» **TASK OBJECTIVE**
Every line below that contains "iPhone" is to be copied.

» **THE DATA**
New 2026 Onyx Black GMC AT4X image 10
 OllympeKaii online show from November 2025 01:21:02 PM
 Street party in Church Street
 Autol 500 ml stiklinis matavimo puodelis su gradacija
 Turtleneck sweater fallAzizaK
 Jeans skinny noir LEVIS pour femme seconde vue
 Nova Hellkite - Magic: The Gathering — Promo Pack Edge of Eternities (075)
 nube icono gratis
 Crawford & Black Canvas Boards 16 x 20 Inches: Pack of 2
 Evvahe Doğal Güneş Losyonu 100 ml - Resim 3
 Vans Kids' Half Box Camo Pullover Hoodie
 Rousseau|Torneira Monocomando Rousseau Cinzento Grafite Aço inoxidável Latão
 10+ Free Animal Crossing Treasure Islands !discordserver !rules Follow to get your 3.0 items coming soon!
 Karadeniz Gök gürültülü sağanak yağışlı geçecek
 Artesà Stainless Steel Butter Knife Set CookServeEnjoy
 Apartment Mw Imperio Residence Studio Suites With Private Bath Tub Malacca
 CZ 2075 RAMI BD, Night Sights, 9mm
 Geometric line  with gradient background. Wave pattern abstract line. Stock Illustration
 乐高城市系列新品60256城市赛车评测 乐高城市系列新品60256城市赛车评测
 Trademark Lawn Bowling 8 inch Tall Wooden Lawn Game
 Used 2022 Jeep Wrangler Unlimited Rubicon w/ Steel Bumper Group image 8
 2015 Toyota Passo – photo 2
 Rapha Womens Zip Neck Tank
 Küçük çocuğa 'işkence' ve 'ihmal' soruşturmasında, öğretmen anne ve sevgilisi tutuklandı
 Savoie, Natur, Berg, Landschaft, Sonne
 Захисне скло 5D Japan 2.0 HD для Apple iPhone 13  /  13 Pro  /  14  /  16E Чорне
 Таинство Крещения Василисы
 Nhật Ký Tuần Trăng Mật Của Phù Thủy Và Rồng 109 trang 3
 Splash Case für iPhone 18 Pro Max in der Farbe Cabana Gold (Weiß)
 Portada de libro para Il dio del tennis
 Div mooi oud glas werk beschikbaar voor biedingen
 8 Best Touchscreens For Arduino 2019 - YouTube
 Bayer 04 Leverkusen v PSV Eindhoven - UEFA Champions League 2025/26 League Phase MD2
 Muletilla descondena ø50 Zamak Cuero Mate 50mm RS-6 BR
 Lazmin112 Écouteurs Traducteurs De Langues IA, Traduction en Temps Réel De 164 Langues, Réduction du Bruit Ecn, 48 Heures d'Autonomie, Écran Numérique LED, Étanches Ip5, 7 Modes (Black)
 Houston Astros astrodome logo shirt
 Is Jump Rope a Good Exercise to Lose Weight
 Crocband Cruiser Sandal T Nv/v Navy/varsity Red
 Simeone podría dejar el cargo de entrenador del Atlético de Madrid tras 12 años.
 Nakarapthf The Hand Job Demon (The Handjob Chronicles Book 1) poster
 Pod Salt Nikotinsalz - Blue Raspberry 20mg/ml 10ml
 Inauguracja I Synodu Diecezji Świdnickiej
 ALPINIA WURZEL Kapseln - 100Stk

» **TASK RESPONSE**
 Захисне скло 5D Japan 2.0 HD для Apple iPhone 13  /  13 Pro  /  14  /  16E Чорне
 Splash Case für iPhone 18 Pro Max in der Farbe Cabana Gold (Weiß)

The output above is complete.